# Suggestion for dog food for IBS problems



## KatieD (Aug 4, 2011)

My 8 year old lab has developed IBS. Previously she had been on a grain free food (Taste of the Wild,Wetlands) for the last 2 years without any problems. My vet has done all testing to rule everything else out. With a diet of hamburger and rice she is fine. I am ready to take her off of hamburge & rice again and I need to slowly introduce and try a new food. I like the idea of grain free but maybe she needs more fiber. Oh yeah, she has also always been free fed. Her weight (before the IBS problem) was 80lbs and she has no other health problems.
My question is - what brand of dry food should I now try first? I would appreciate any suggestions. Someone else suggested staying with Taste of the Wild and just changing the protein from Wetlands (duck) to Salmon or Bison. Any thoughts on that.


----------



## HerdersForMe (Jul 26, 2011)

I don't think the food is the culprit. If she has been on it for 2 years and doing fine it seems strange that it would suddenly start causing problems.
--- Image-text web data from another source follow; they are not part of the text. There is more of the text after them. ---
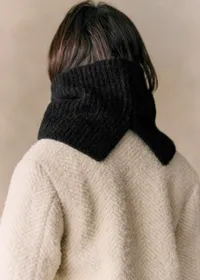 Snood Bernie - Noir — view 3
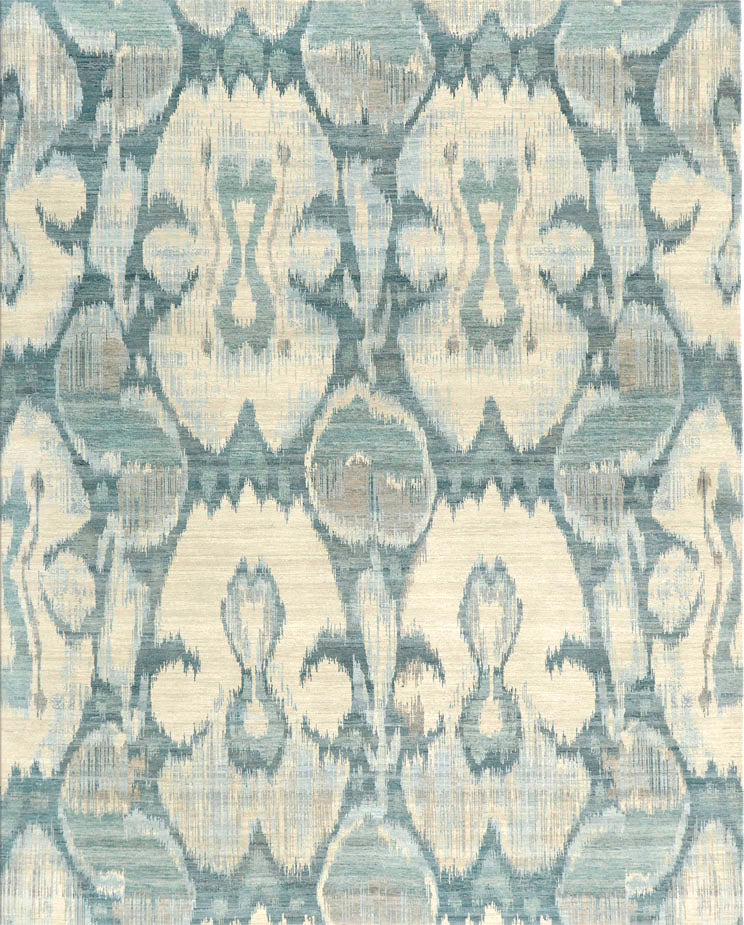 Ikat Design Rug Berja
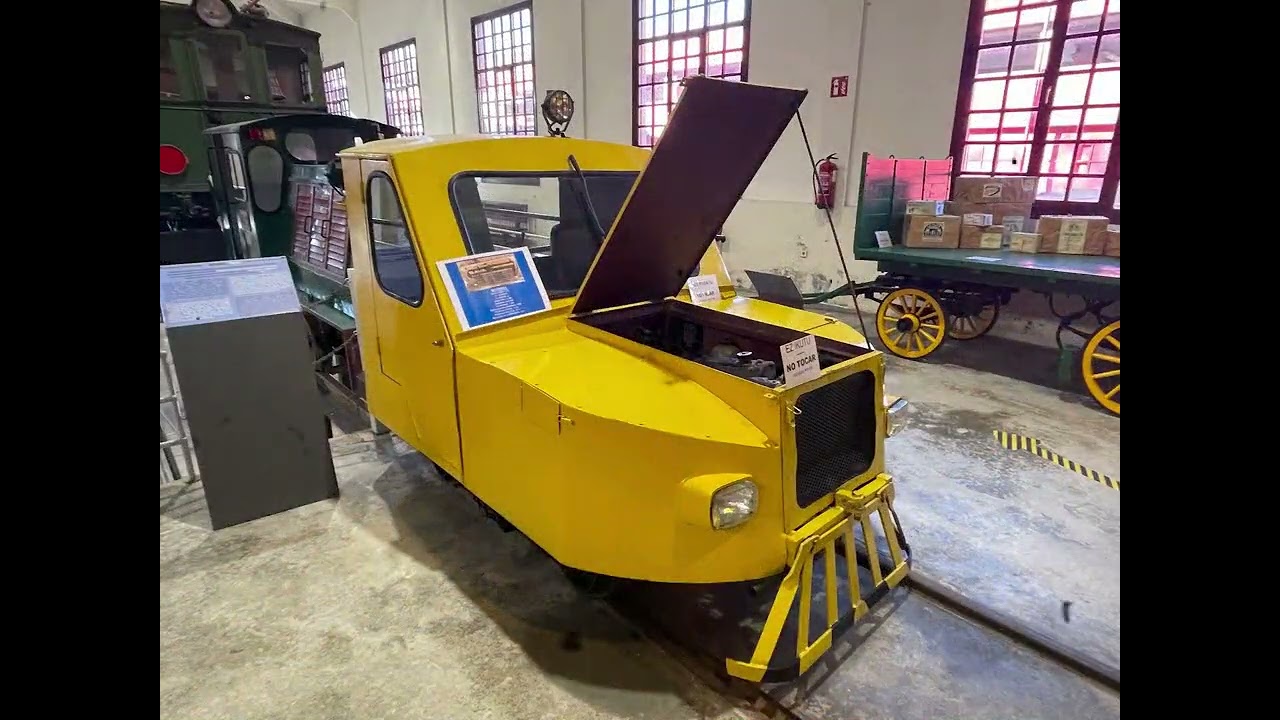 Basque Railway Museum, Azpeitia (18 Jan 2025)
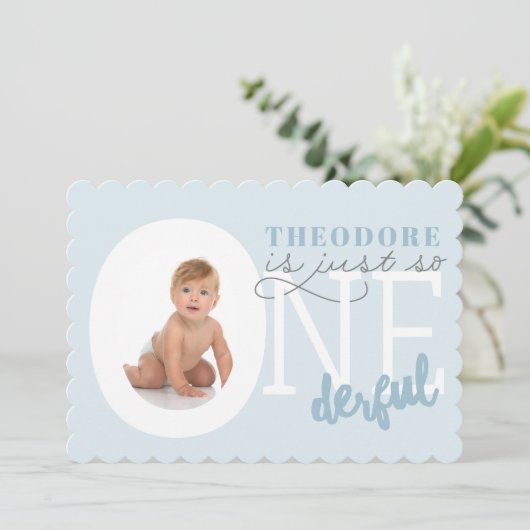 ONEderful 招待状 (スタンド正面)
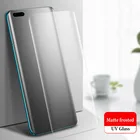 Для Huawei P40 Pro Plus P40Pro + Защитная пленка из закаленного стекла для Huawei P50 P30 Pro матовое 3D УФ стекло без отпечатков пальцев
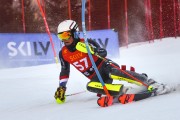 FIS Baltijas kauss 2022 Pozza di Fassa, FIS Latvijas čempionāts SL, Foto: E.Lukšo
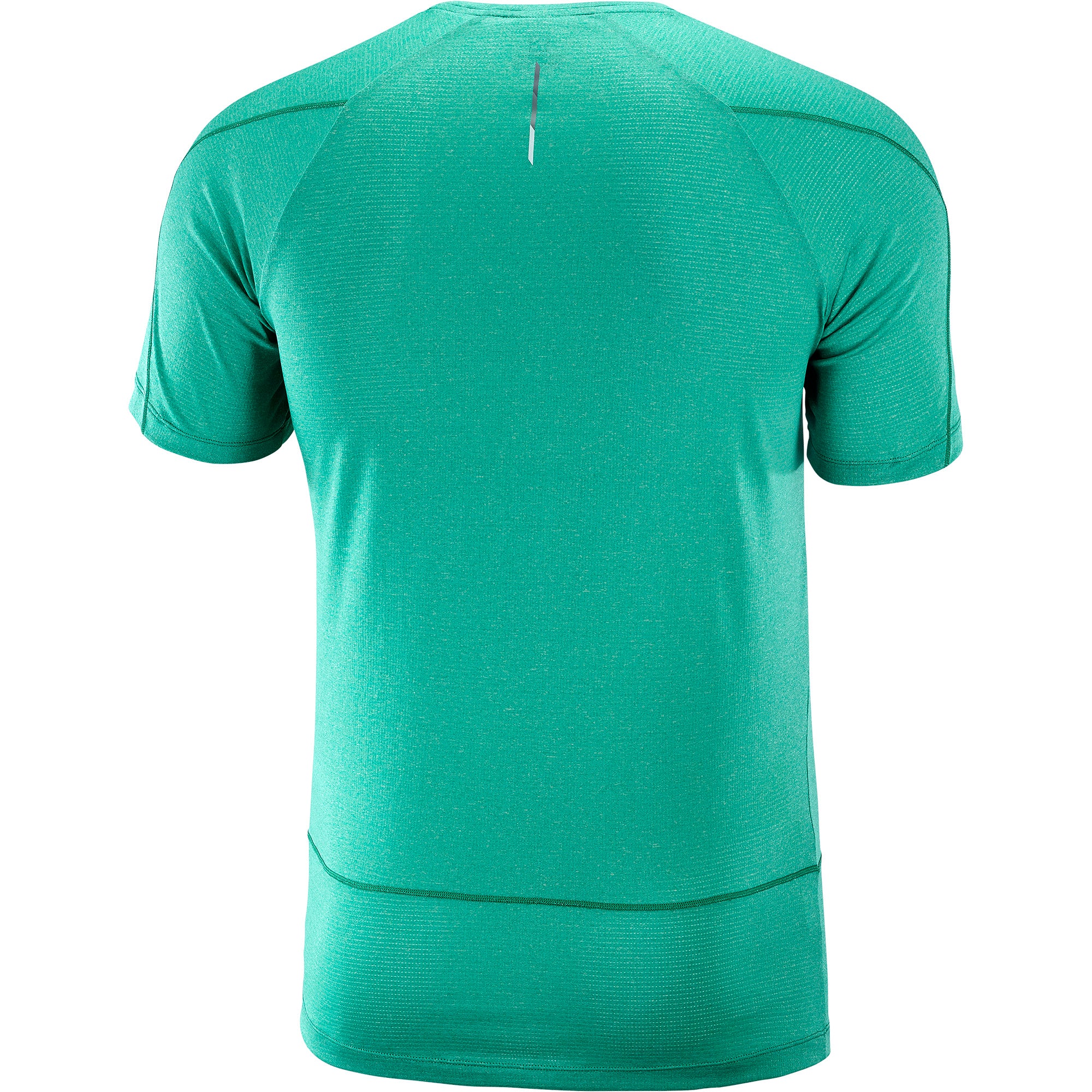 Polera Cross Run Ss tee gre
Perhaps she ate something that you didn't know about?


----------



## KatieD (Aug 4, 2011)

No, this started around June 14th (almost 7 weeks ago) and my vet has been monitering it since then. She has been on and off the hamburger/rice diet so many times since then. She also has had blood tests, stool tests, xrays (for blockage) and my vet feels it is a developed case of IBS. Nothing else has changed in her enviroment. She is now doing good _AGAIN_ on hamburger/rice so I need to try a new food again within the next couple of days. If you have any other ideas I would certainly be open to hearing about it.


----------



## winniec777 (Apr 20, 2008)

Sounds like your vet is on the right path, at least based on our experience. We went through a lot of food trials until we landed on a prescription food (z/d) that hydrolyzes the protein so that it's no longer an irritant (all the foods we tried always caused the same symptoms within 4-8 weeks). She's also on Tylan 2x a day - antibiotic. When she gets real sick, she's on metronidazole and 2-3 other drugs. If her condition escalates, she'll probably be on steroids. Hoping to avoid that.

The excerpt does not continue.